WHAT THE TASK REQUIRES>
Write out the data below exactly as given, without any of its pictures.
** Opening SUPPLIED MATERIAL block **
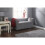 Verona Diamante  Ottoman Window Seat Grey 6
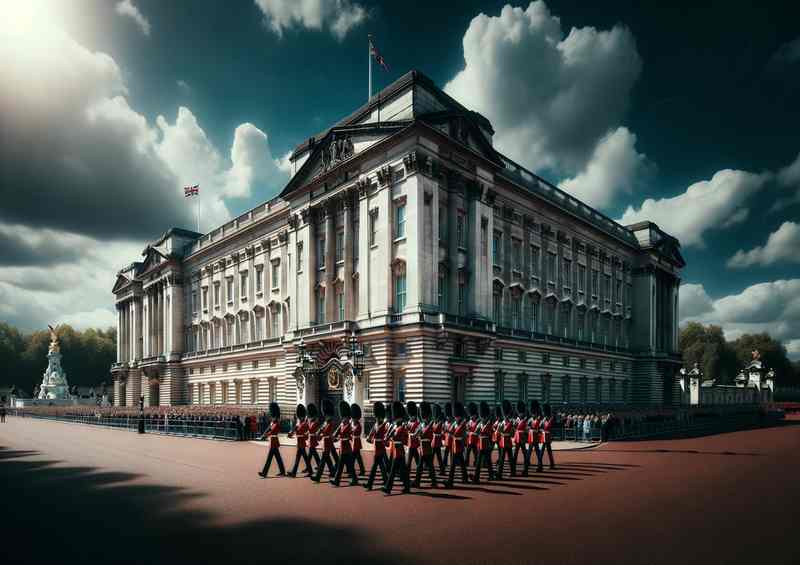 Buckingham Palace Royal Residence Guard Parade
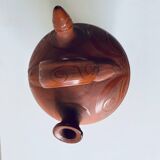 Bohemian terracotta gargoulette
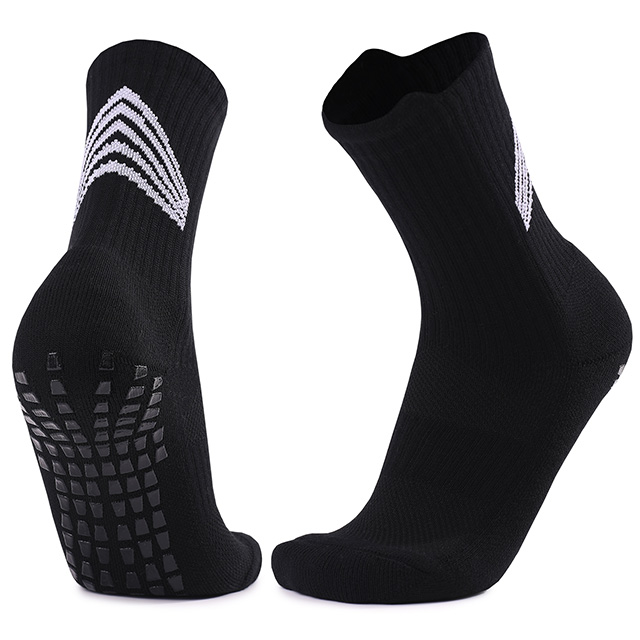 Tactical Anti - Slip Dotted Football Socks: Gain the Edge on the Field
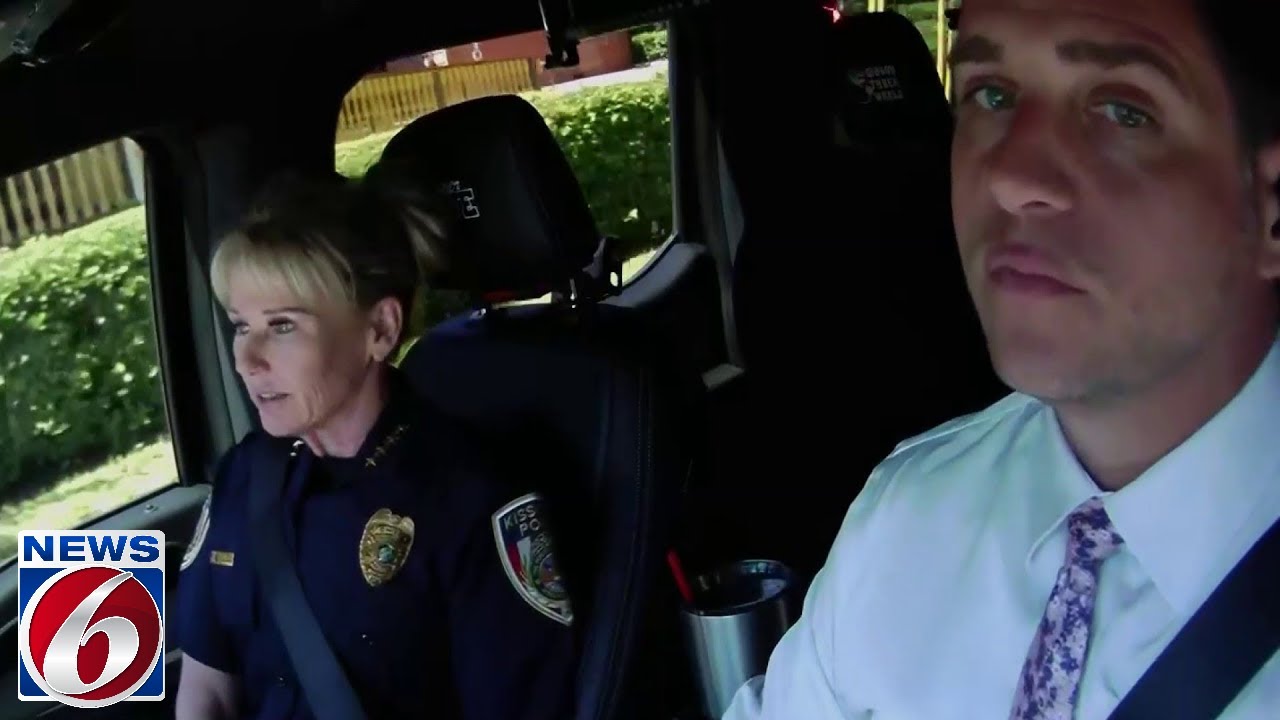 Trooper Steve on Patrol with the Kissimmee police chief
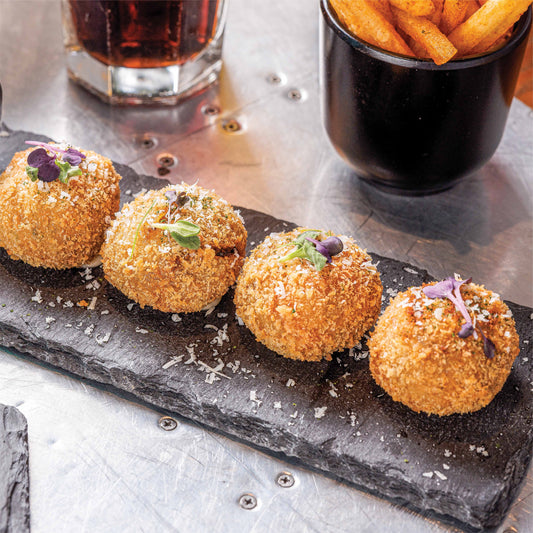 Risotto Balls Kitchen by Abeer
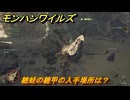 モンハンワイルズ　纏蛙の纏甲の入手場所は？　武器・防具素材集め入手方法　＃２１９　【モンスターハンターワイルズ】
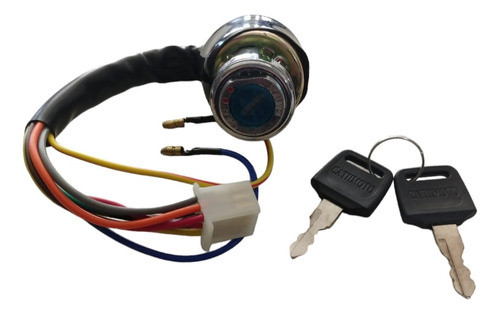 Llave De Contacto Suzuki Ax 100 / 115 Zeta Motos 1
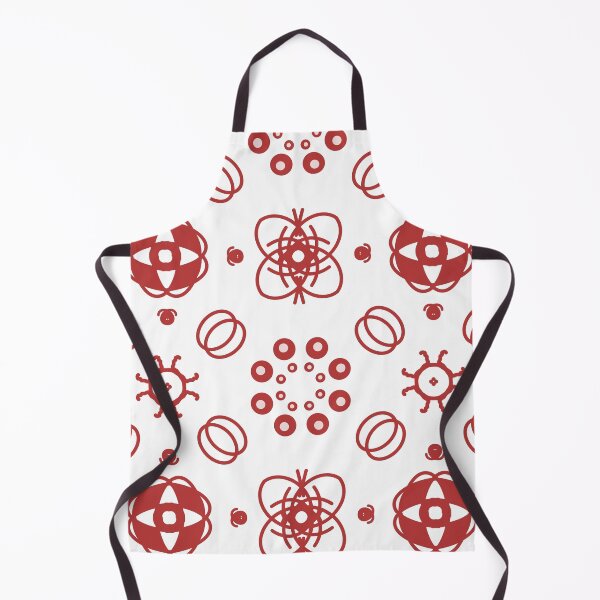 Item preview, Alien Invasion Red & White Print designed and sold by DecorartByNJ.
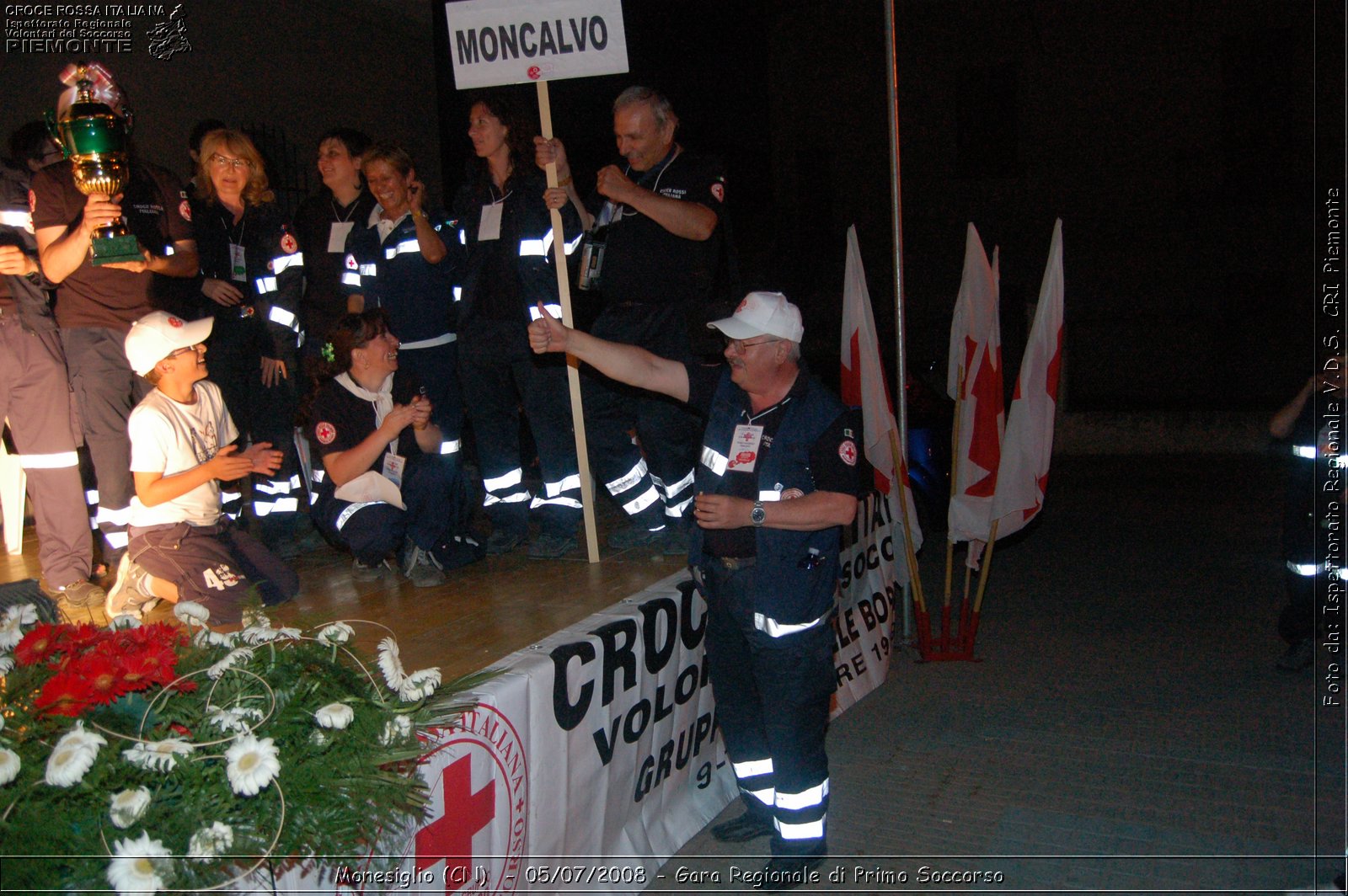 Monesiglio (CN)  - 05/07/2008 - Gara Regionale di Primo Soccorso -  Croce Rossa Italiana - Ispettorato Regionale Volontari del Soccorso Piemonte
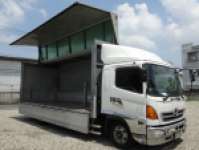 HINO Ranger Aluminum Wing KK-FD1JLEA 2002 740,247km_1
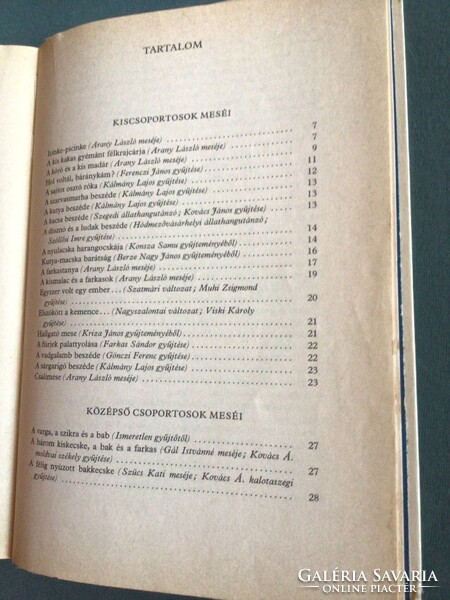 Icinke-picinke - Népmesék óvodásoknak - Móra 1972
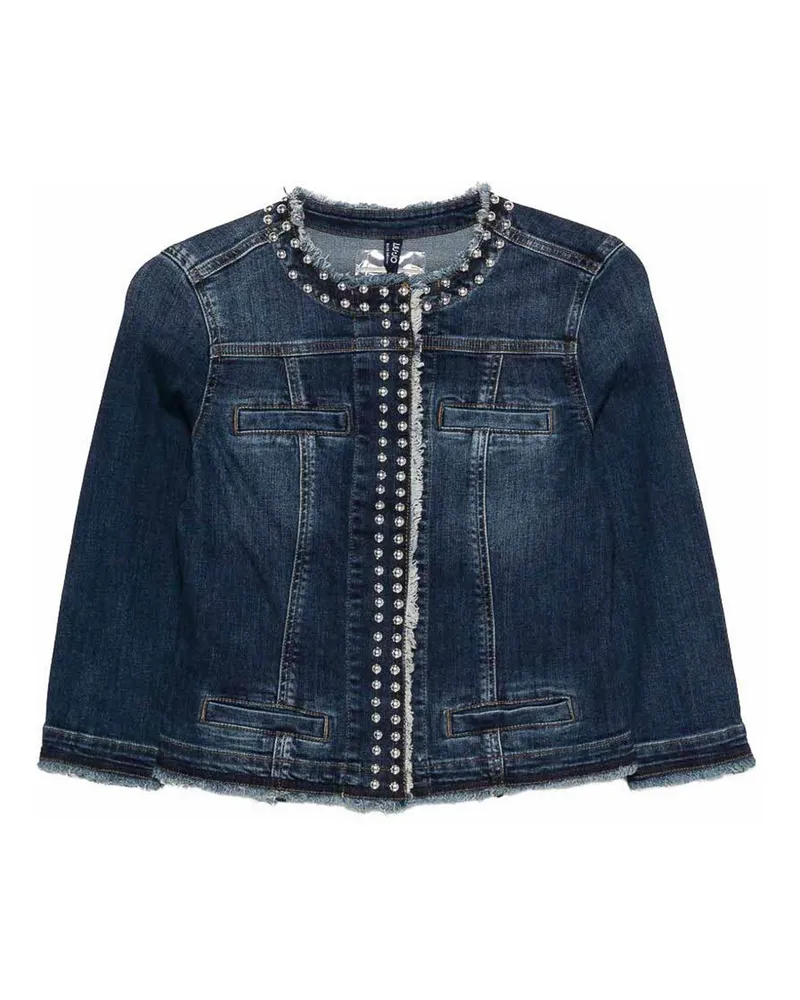 Liu Jo Jeansjacke - Blau Blau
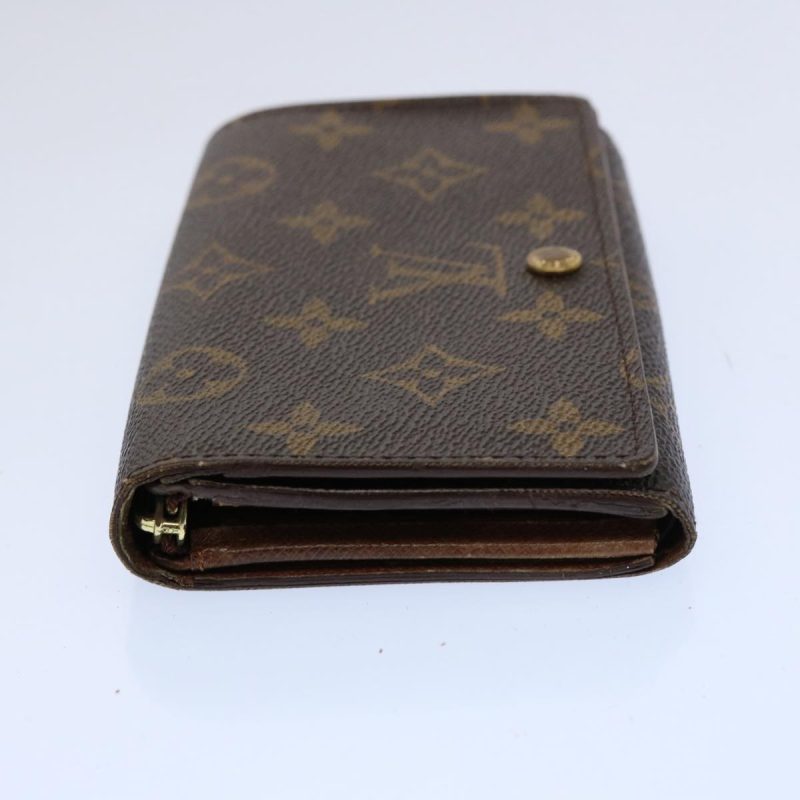 Louis Vuitton Monogram Portefeuille Tresol Wallet M61736  61553 - Image 3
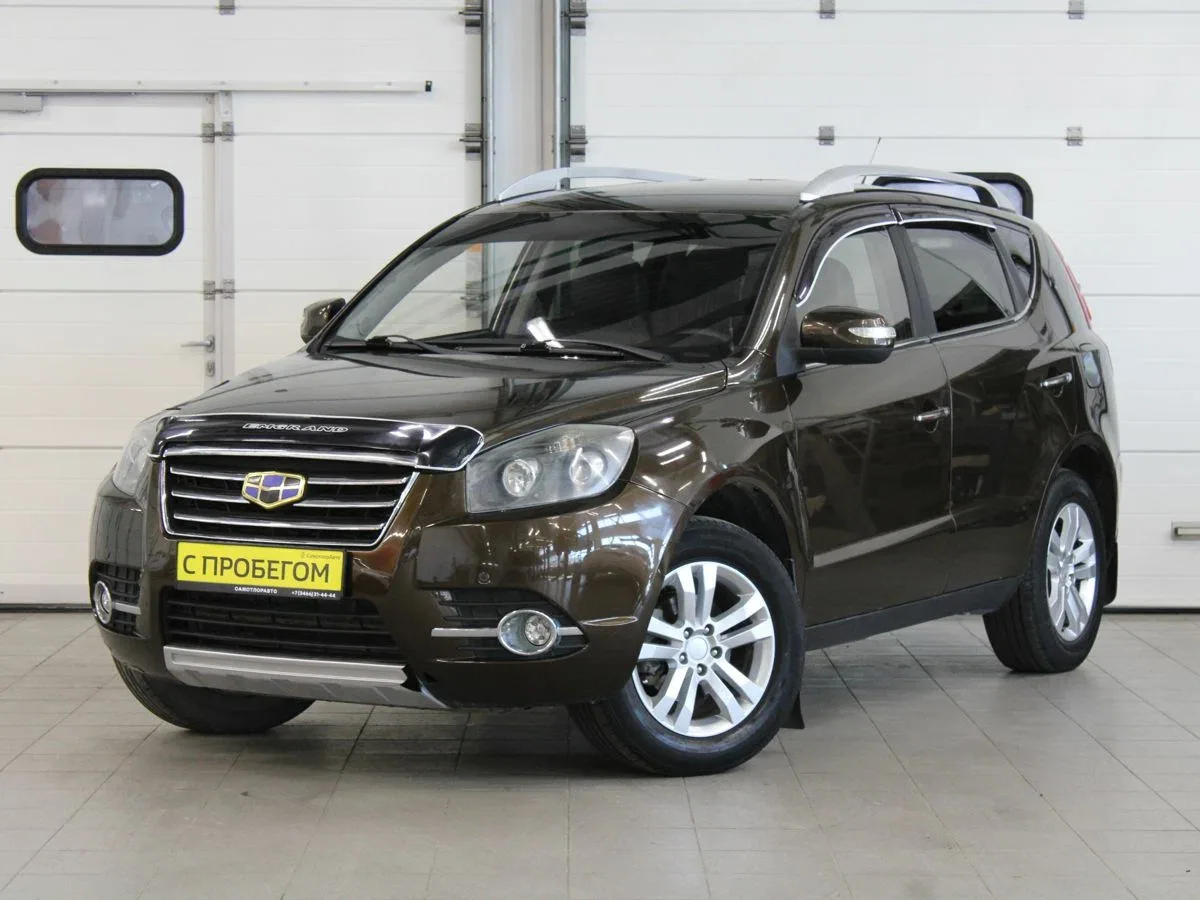 Geely Emgrand X7 I Рестайлинг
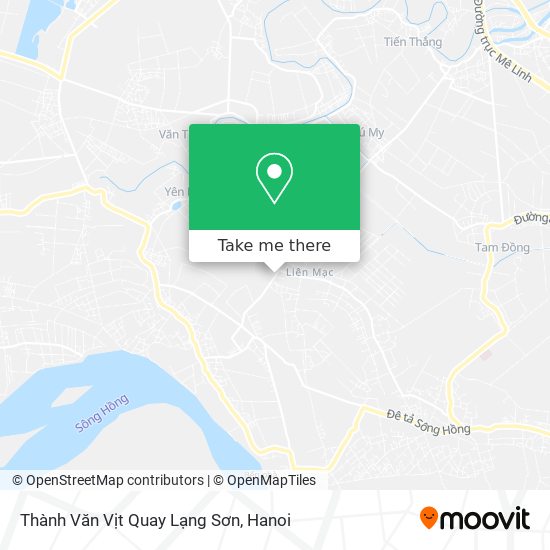 Thành Văn Vịt Quay Lạng Sơn map
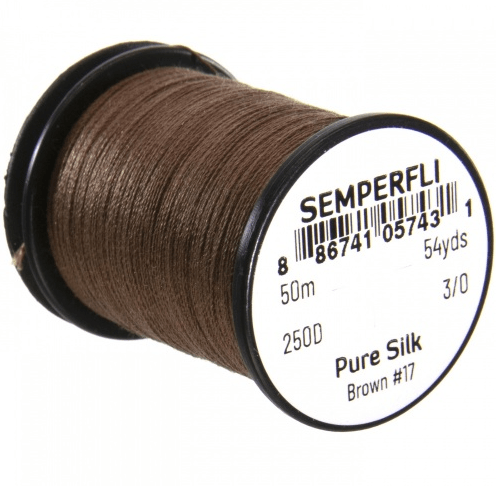 SemperFli Pure Silk - Thread - Fly Fish Food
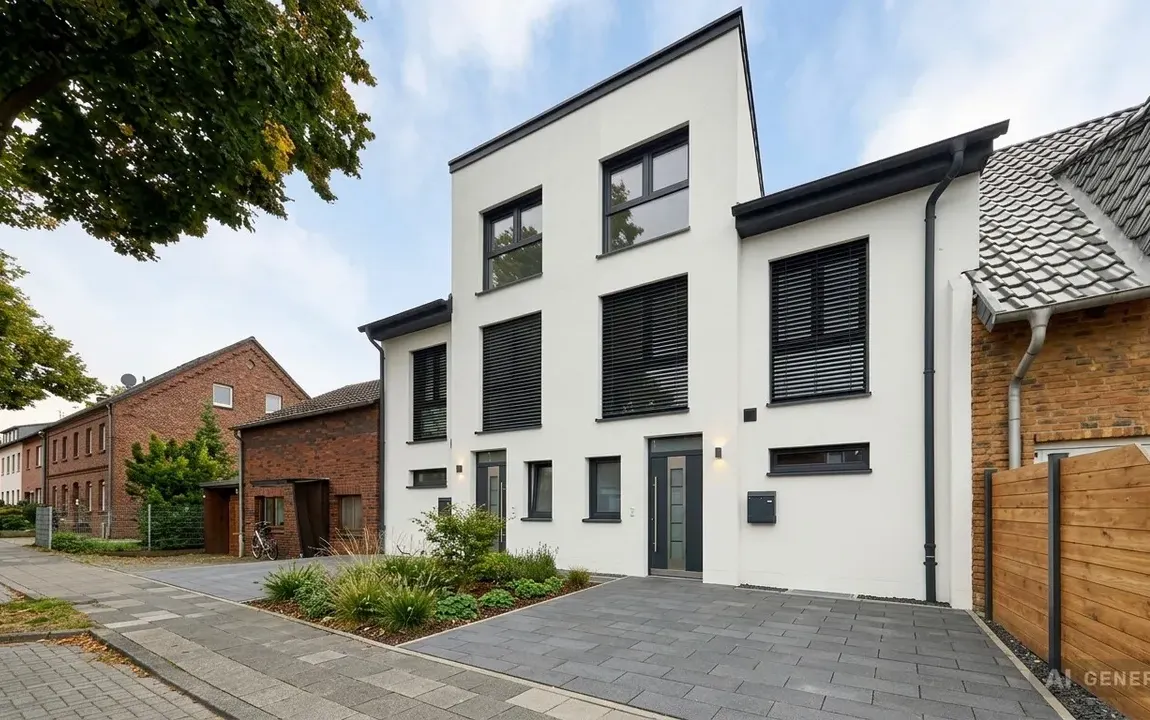 Ihr Ausbau, Ihr Preisvorteil: Modernes Reihenmittelhaus mit 4 Schlafzimmern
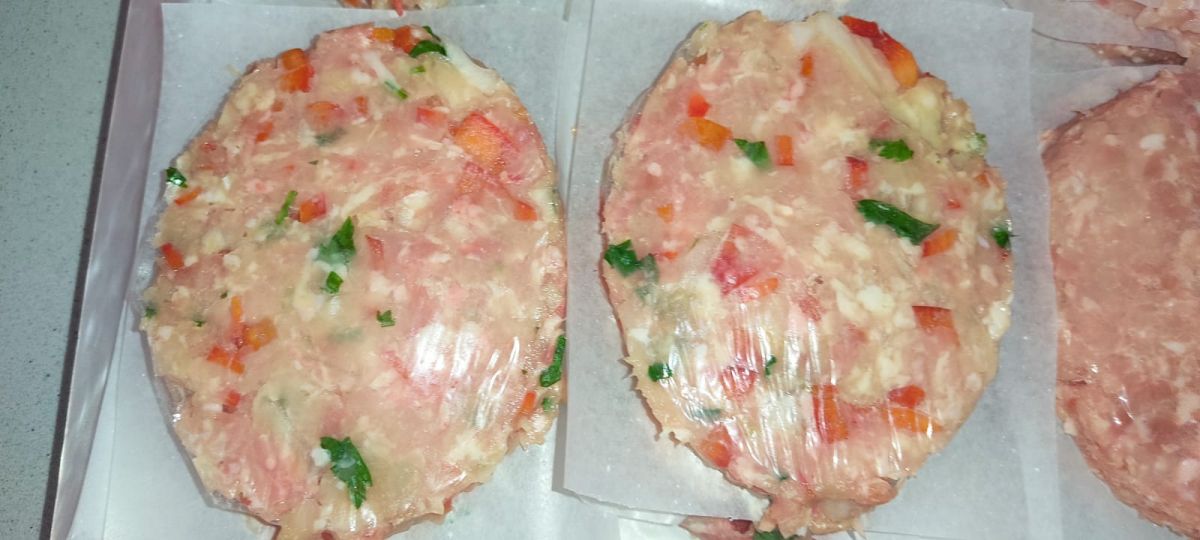 Hamburguesas de verdura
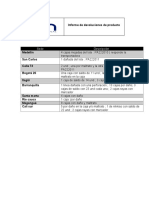 Informe de Devoluciones de Producto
** Closing SUPPLIED MATERIAL block **
ANSWER TO THIS PROBLEM>
 Verona Diamante  Ottoman Window Seat Grey 6
 Buckingham Palace Royal Residence Guard Parade
 Bohemian terracotta gargoulette
 Tactical Anti - Slip Dotted Football Socks: Gain the Edge on the Field
 Trooper Steve on Patrol with the Kissimmee police chief
 Risotto Balls Kitchen by Abeer
 モンハンワイルズ　纏蛙の纏甲の入手場所は？　武器・防具素材集め入手方法　＃２１９　【モンスターハンターワイルズ】
 Llave De Contacto Suzuki Ax 100 / 115 Zeta Motos 1
 Item preview, Alien Invasion Red & White Print designed and sold by DecorartByNJ.
 Monesiglio (CN)  - 05/07/2008 - Gara Regionale di Primo Soccorso -  Croce Rossa Italiana - Ispettorato Regionale Volontari del Soccorso Piemonte
 HINO Ranger Aluminum Wing KK-FD1JLEA 2002 740,247km_1
 Icinke-picinke - Népmesék óvodásoknak - Móra 1972
 Liu Jo Jeansjacke - Blau Blau
 Louis Vuitton Monogram Portefeuille Tresol Wallet M61736  61553 - Image 3
 Geely Emgrand X7 I Рестайлинг
 Thành Văn Vịt Quay Lạng Sơn map
 SemperFli Pure Silk - Thread - Fly Fish Food
 Ihr Ausbau, Ihr Preisvorteil: Modernes Reihenmittelhaus mit 4 Schlafzimmern
 Hamburguesas de verdura
 Informe de Devoluciones de Producto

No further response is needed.